Presidential Commission could have taken over duties during campaign
Body fulfils functions and duties when the office is vacant or the president is abroad
During the campaign, Michael D Higgins divided his diary between presidential obligations and the campaign. There is no doubt it conferred some advantage to him. Photograph: Reuters/ Clodagh Kilcoyne
When it became known that the presidential election would be contested, President Michael D Higgins did not have a huge amount of precedent to go on.
The last time an outgoing president had faced a contest was in 1966 when Eamon de Valera, then 84, was challenged by Thomas O’Higgins of Fine Gael.
On the advice of the then taoiseach Seán Lemass, Mr de Valera did not campaign on the basis that as president he was above politics. Mr O’Higgins held rallies all around the State, where he presented himself as a younger alternative and a fresh voice.
The incumbent fulfilled all his obligations as president. Of course, that year was the 50th anniversary of the Easter Rising and he attended events all over the country, with large guards of honours comprising old comrades.
As Mr de Valera was not campaigning, RTÉ made the bizarre decision to not cover the campaign at all. Thus, Mr O’Higgins got next to no coverage. By contrast, every event that Mr de Valera went to as president was covered by the national broadcaster.
In this day and age, such an approach by Mr Higgins would not have been acceptable. What he decided on instead was a half-way house, where he divided his diary between presidential obligations and the campaign.
It led to slightly odd situations, where he would be a candidate, and subject to questioning, one day and a president, not facing questions, the next. His rivals complained he was able to control the agenda, set the rules – he did not participate in all the debates, of course – and enjoy the best of both worlds. There is no doubt it conferred some advantage to him.
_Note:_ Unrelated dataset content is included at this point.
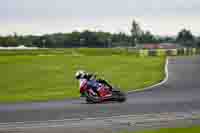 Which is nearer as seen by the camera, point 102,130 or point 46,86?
point 102,130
A possible alternative, that would not require a Constitutional change, would be for the Presidential Commission to take over the formal duties of the presidency during the campaign period.
The commission is made up of the Chief Justice, the Ceann Comhairle of Dáil Éireann and the Cathaoirleach of Seanad Éireann. It fulfils all functions and duties of the office of president when the office is vacant or when the president is abroad.
It dealt with the collapse of the government in 1992, when then president Mary Robinson was abroad. It also took on her duties for two months in 1997 when she resigned early to become United Nations High Commissioner for Human Rights. The commission fulfilled the role temporarily in 1974 when Erskine Childers died, and in 1976 when Cearbhall Ó Dálaigh resigned.
If the commission were to take on the role of the presidential office for the month-long campaign period, it would allow an outgoing president who was contesting again to take full part in a campaign, and avoid criticisms that he or she was dictating the terms and ground rules.